- Born: 1650 Salins, County of Burgundy, Holy Roman Empire
- Died: 14 November 1715 (aged 64–65) Badajoz, Spain
- Buried: San Agustín Parish, Badajoz
- Allegiance: Dutch Republic Spain
- Conflicts: War of the Spanish Succession Siege of Ciudad Rodrigo; Battle of La Gudina; Battle of Saragossa; Siege of Campo Maior; ;
- Awards: Knight of the Golden Fleece

= Alexandre Maître, Marquis de Bay =

French military officer (1650–1715)

Alexandre Maître, Marquis de Bay (1650 – 14 November 1715) was a military officer in the service of Spain during the War of the Spanish Succession.

Born in Salins, County of Burgundy, Holy Roman Empire in 1650, Maître married Cécile de Wissenkercke, who had been born in Louvain on 7 September 1670. Maître was the seigneur of Laer, near Tirlemont. Between 1696 and 1701, he volunteered his service as a cavalry colonel with the Dutch Republic. In 1701, he offered his services to Philip V of Spain, and became general of cavalry serving in Flanders.

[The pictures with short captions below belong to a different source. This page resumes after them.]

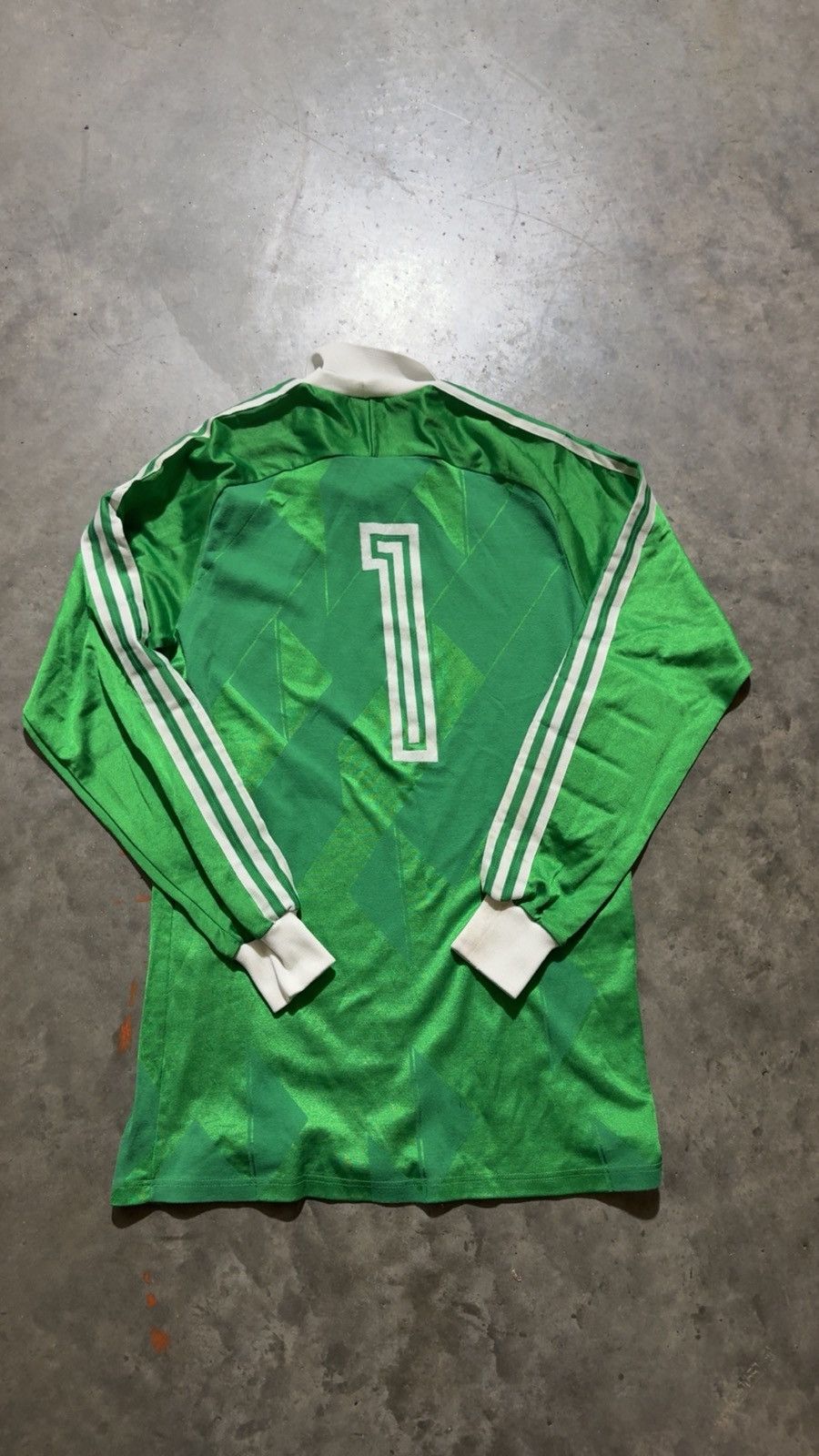 Vintage 1980s Adidas Goalkeeper Green Soccer Jersey #1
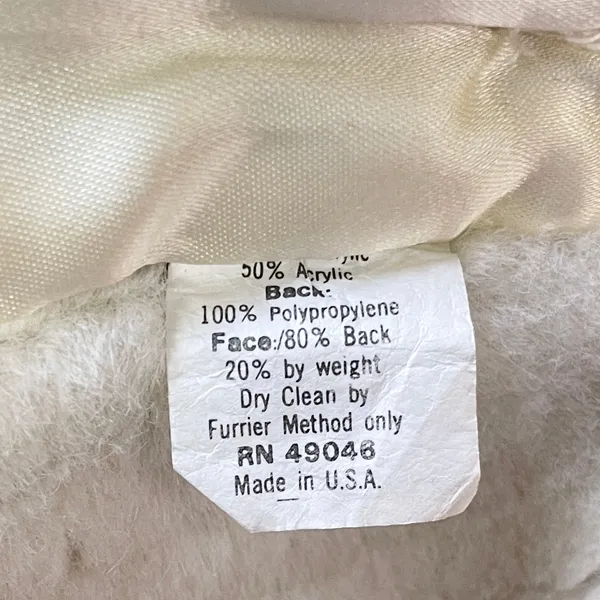 Vintage Womens Faux Fur Coat L/XL? Cream Chevron Shawl Collar Mobwife Glam USA - Image 7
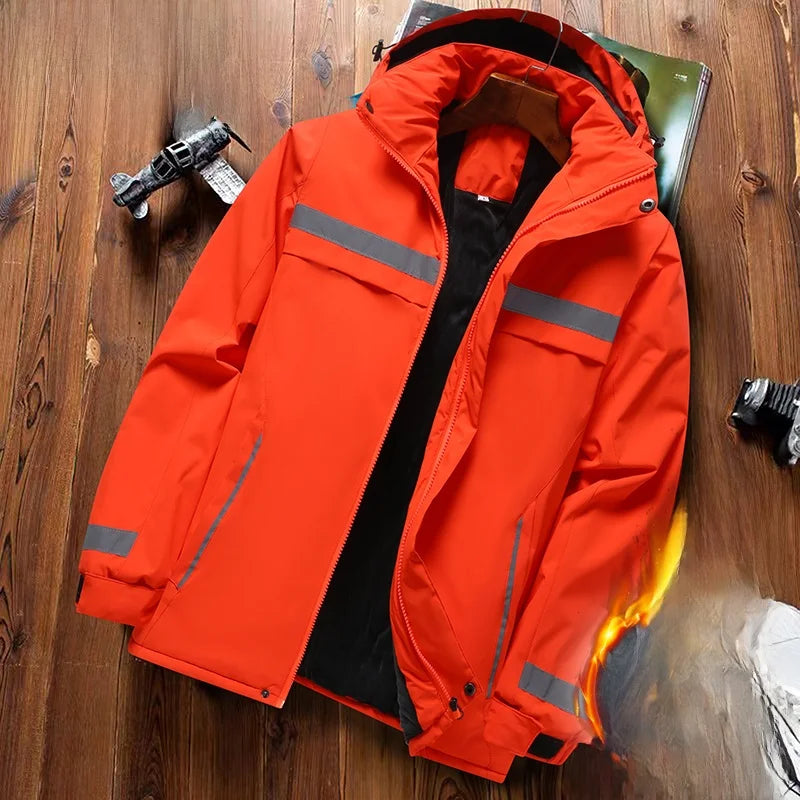 Thickened Fleece Lined Cotton Jacket for Men Work Site Reflective Winter Labor Protection Outerwear Cold Resistant Coat Print...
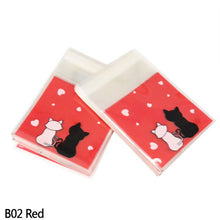 Load image into Gallery viewer, 100pcs Christmas Decorations Small Candy Bags Cute Cat Plastic Bag DIY Gift Bag for Birthday Wedding Xmas New Year Decor Supplie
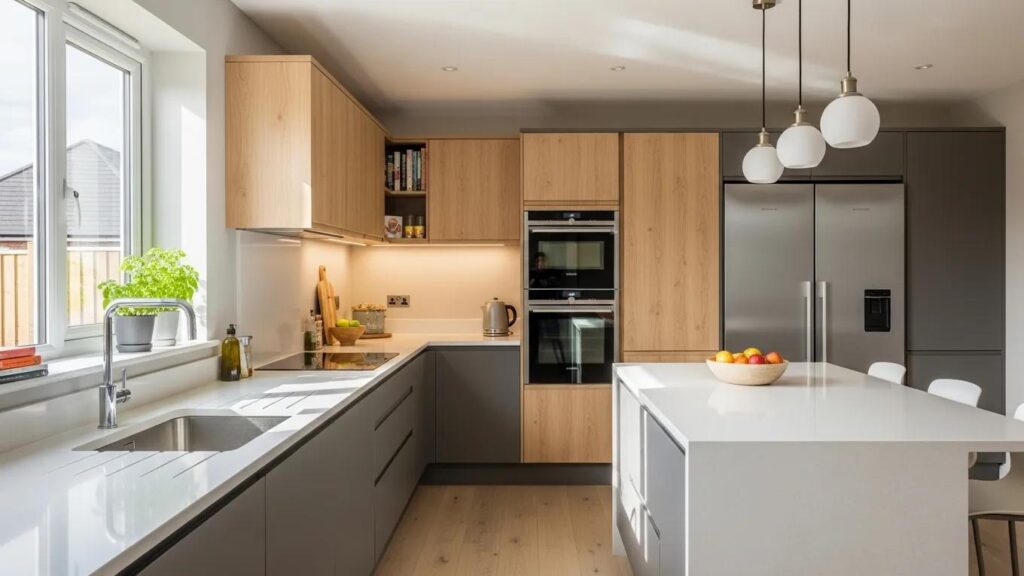 Modern kitchen with stylish appliances and cabinetry, representing home improvements for resale value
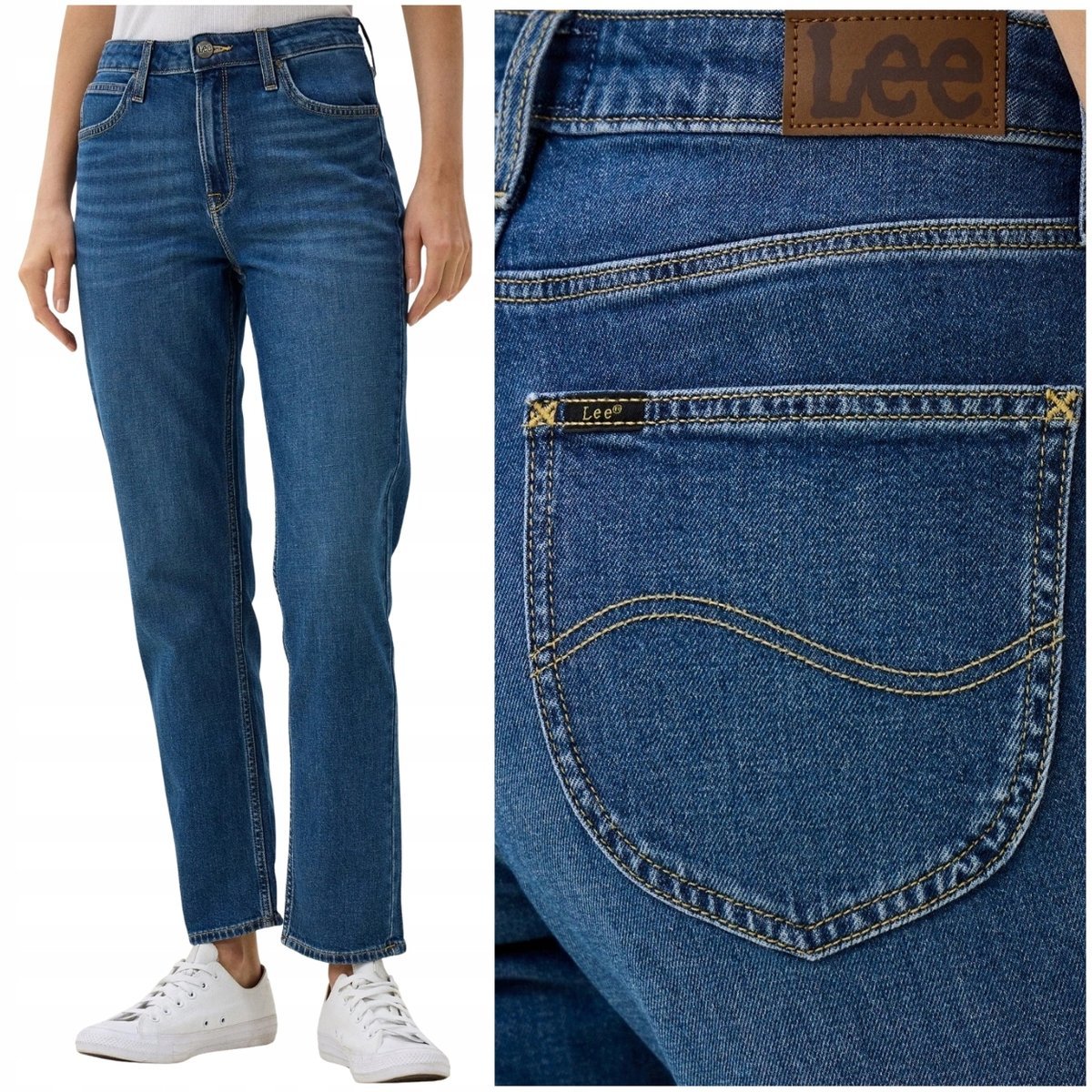 Lee Carol Mid Stream wysokie proste damskie spodnie jeansowe 7/8 W30 L33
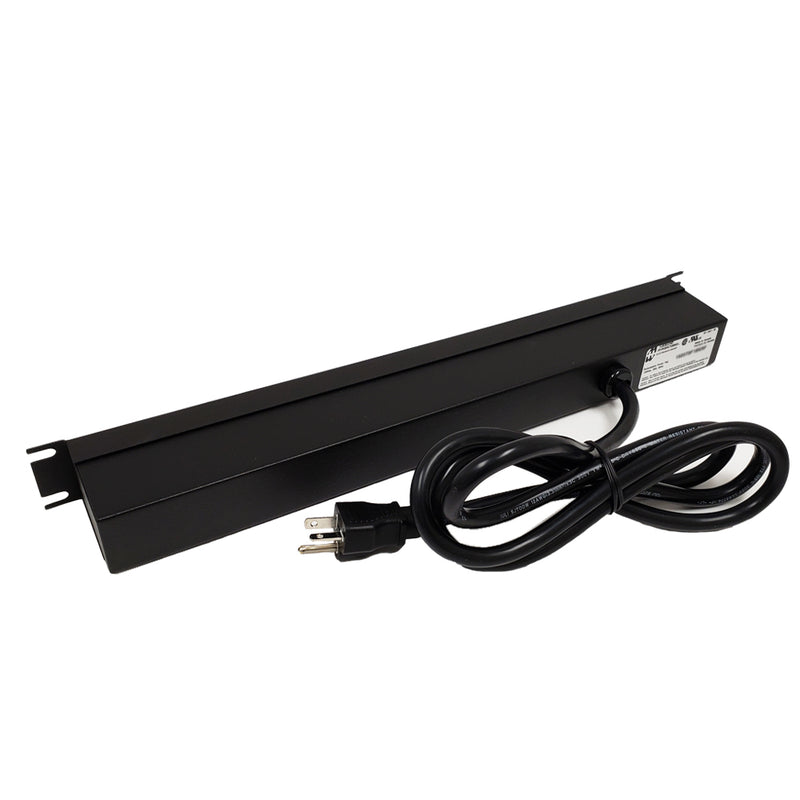 Hammond 19 inch 8 Outlet Horizontal Rack Mount Power Strip - 6ft Cord, 5-20P Plug, 5-20R Front Receptacles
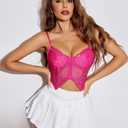Avidlove Bralettes for Women Lace Camisole Lingerie Racer Back Bralette V Neck Bustier Top (Rose Red, Medium) (Pink, M)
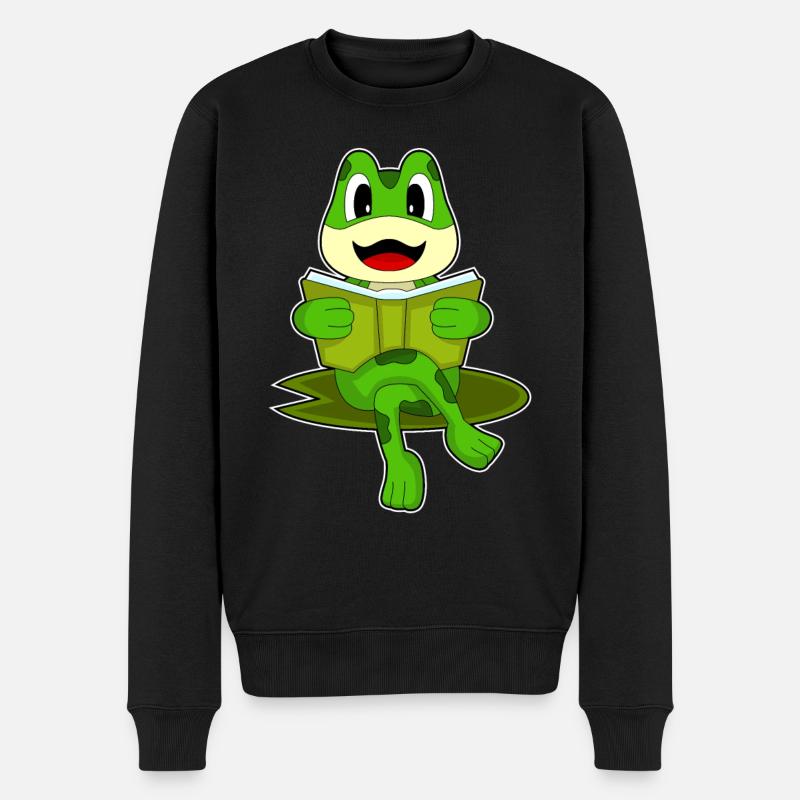 Frosch Nerd Buch - Männer Premium Bio Pullover - Schwarz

He distinguished himself in the War of Spanish Succession, especially during the Battle of Ekeren on 30 June 1703, fighting alongside the duc de Villeroy, at the head of the cavalry and the dragoons.

On 23 July 1704 Philip V granted Maître the dignity of Marquis de Bay and Captain-General of Extremadura. He was at this time described as lieutenant general of Philip's armies and first lieutenant of his bodyguards. On the night of 14–15 December 1706 he captured Alcántara with 800 infantry and 200 cavalry. In June 1707 he seized a fort defending the bridge at Olivenza, then demolished the bridge. On 4 October he stormed Ciudad Rodrigo, capturing the city after three-quarters of an hour. For this victory he was created a Knight of the Golden Fleece by the King of Spain, a title gazetted in France on 10 December 1707, and was named Viceroy of Extremadura. Maître led the Spanish armies at the
Battle of La Gudina on 7 May 1709, defeating a combined Anglo-Portuguese force, and commanded at the Battle of Saragossa on 20 August 1710. He suffered a severe defeat at Saragossa, and in October 1712 was forced to withdraw after an attempt to storm Campo Maior failed in the face of strong Portuguese resistance.

Maître died at Badajoz on 14 November 1715. He is buried in the Church of San Agustín and his tomb has a bas-relief with his portrait carved on it.